I have been a front end, backend and quality testing software engineer now I am following the path towards cybersecurity.

Mullvad OpenVPN Gateway

Let’s say that you have a virtualised server similar to Proxmox VE. There are few Virtual Machines within this server, and you want them to use a safe VPN connection out to the Internet.

I am building a cybersecurity home lab. However, I do not like my ISP having all logs of my home lab activity. I do not know why but this feels threatening even if I am not planning to be a black hat.

Also, just if I misuse a tool and my home IP gets blocked, I do not want to affect my family Internet connection. In that case, I can just reconnect the VPN gateway to another location and move on.

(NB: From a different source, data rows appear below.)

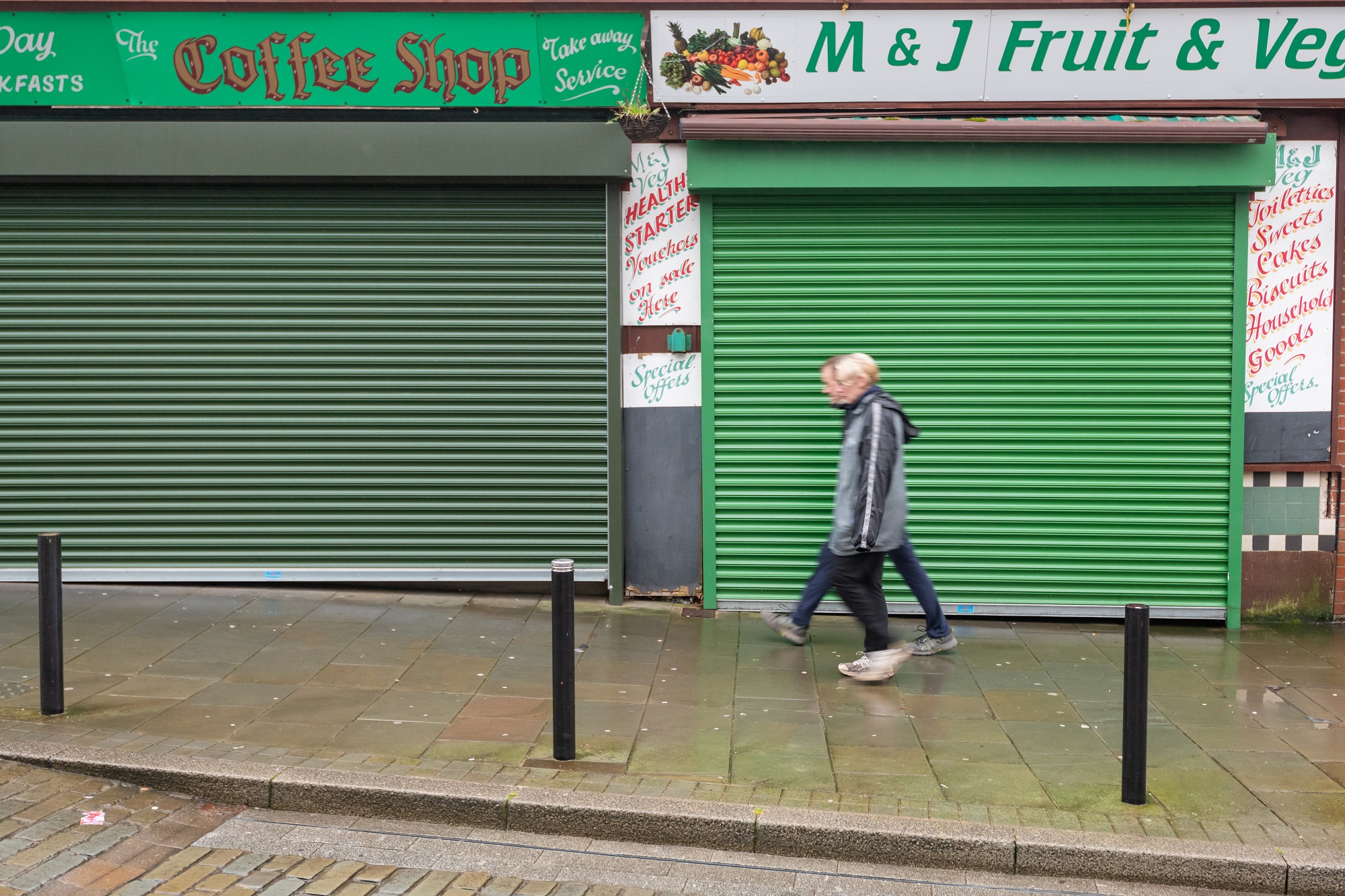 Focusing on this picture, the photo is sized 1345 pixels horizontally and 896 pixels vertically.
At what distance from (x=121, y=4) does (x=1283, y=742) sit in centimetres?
849

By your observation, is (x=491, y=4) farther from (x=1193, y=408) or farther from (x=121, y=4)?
(x=1193, y=408)

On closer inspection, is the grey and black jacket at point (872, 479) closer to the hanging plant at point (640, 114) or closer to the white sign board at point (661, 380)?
the white sign board at point (661, 380)

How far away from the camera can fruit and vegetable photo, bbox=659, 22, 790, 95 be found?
8102 millimetres

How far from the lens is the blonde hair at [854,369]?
262 inches

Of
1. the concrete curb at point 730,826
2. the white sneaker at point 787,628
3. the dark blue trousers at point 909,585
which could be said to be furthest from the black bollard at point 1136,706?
the white sneaker at point 787,628

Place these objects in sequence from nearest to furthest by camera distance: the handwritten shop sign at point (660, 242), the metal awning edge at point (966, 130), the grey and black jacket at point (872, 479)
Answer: the grey and black jacket at point (872, 479) → the metal awning edge at point (966, 130) → the handwritten shop sign at point (660, 242)

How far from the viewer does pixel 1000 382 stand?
27.7 feet

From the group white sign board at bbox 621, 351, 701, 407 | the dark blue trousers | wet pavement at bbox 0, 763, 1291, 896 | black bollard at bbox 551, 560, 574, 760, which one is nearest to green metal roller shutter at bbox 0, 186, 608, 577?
white sign board at bbox 621, 351, 701, 407

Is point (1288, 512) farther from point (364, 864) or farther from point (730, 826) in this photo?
point (364, 864)

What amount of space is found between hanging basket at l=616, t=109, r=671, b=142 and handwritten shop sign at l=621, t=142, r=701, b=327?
16 centimetres

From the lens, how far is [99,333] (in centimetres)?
857

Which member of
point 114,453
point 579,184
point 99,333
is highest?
point 579,184

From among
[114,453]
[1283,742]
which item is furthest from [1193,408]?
[114,453]

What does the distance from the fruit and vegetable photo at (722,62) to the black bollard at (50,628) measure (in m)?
4.95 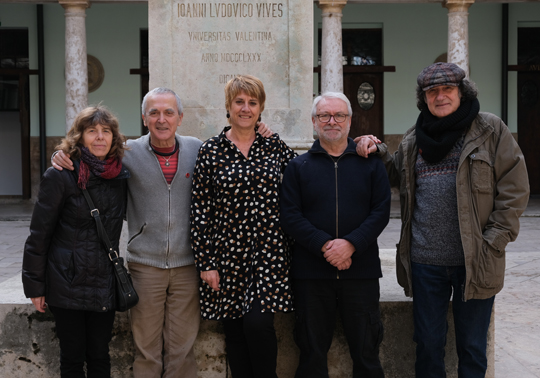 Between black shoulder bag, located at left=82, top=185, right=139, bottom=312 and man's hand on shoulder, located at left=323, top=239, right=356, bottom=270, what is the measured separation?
884 mm

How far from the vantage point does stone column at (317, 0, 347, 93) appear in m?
12.2

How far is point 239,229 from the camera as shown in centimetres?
314

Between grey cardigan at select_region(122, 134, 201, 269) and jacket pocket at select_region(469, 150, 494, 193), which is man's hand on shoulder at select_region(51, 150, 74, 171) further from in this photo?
jacket pocket at select_region(469, 150, 494, 193)

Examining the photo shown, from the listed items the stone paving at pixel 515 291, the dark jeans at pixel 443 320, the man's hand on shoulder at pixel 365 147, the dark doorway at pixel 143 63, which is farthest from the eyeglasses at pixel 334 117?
the dark doorway at pixel 143 63

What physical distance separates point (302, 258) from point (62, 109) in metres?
12.7

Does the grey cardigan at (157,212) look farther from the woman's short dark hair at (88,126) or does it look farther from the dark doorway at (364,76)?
the dark doorway at (364,76)

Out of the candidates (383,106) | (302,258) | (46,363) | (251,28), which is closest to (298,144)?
(251,28)

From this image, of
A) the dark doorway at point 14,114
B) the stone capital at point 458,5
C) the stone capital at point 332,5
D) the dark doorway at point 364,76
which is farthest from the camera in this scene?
the dark doorway at point 364,76

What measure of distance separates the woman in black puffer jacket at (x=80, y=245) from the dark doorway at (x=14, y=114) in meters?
12.5

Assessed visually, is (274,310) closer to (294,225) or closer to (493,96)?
(294,225)

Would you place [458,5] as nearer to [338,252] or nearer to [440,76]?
[440,76]

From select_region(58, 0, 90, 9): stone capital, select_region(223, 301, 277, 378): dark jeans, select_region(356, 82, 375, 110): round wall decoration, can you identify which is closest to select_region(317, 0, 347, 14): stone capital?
select_region(356, 82, 375, 110): round wall decoration

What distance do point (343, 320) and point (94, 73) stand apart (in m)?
12.8

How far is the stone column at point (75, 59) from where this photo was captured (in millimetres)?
12461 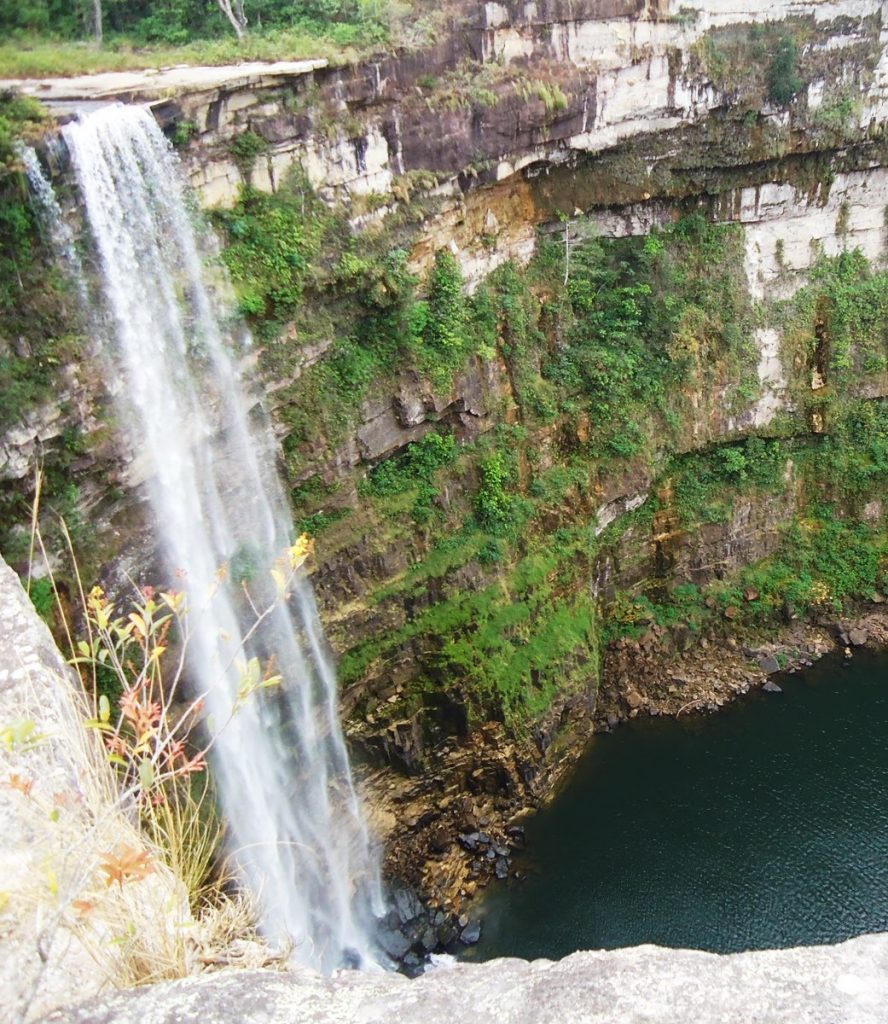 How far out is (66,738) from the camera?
359 cm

The main reason why I need a VPN gateway is that I can connect to the internet from any other location than my physical one. This capability gives me much more freedom and power to do effective OSINT and reconnaissance activities. For example, depending on the target under test, it might be more efficient to be in Europe, Asia or Australia.

After setting up my Proxmox machine, I prepared my VPN project by watching some good tutorials from Craft Computing. VPN Everything! and Lo-Res DIY. Use Private Intern Access

This project has three parts. The first part, I have summarised in the repository vpn-gateway. The readme file has all the steps to do the basic installation and manual configuration of the VPN Gateway. Interestingly enough, I just had to slightly personalise the other tutorials because, in my case, I am using Mullvad OpenVPN. Still, the rest of the tutorial is almost the same as the video tutorials linked above.

At this point, I had a working VPN Gateway at the internal IP 192.68.0.xx. I could point any VM to use this gateway, and everything was working fine. However, to switch the VPN connection to use another location was a manual task. Considerably time-consuming was the configuration of the Iptables rules for the kill-switch. To change the location required editing the Iptables rules to list all the server IPs used for a given country. So, this Iptables configuration had to be automated, and I prepared the second part of this project into the repository openvpn-iptables.

The last part of this project wraps up all the automation to make it very easy to switch the OpenVPN connection to any location allowed by Mullvad VPN. The Switch Country Connection section has all the details to set up and use this helping tool. Once everything is in place, I just need to ssh to the VPN gateway and run the command:

‘sudo /etc/openvpn/ {country-code}’

Where ‘country-code’ is the two-character country identifier of any Mullvad OpenVPN config file.

And that is all. I have now a save Virtualisation Server with many Virtual Machines using the same VPN Gateway to go out to the internet from any location that I need to.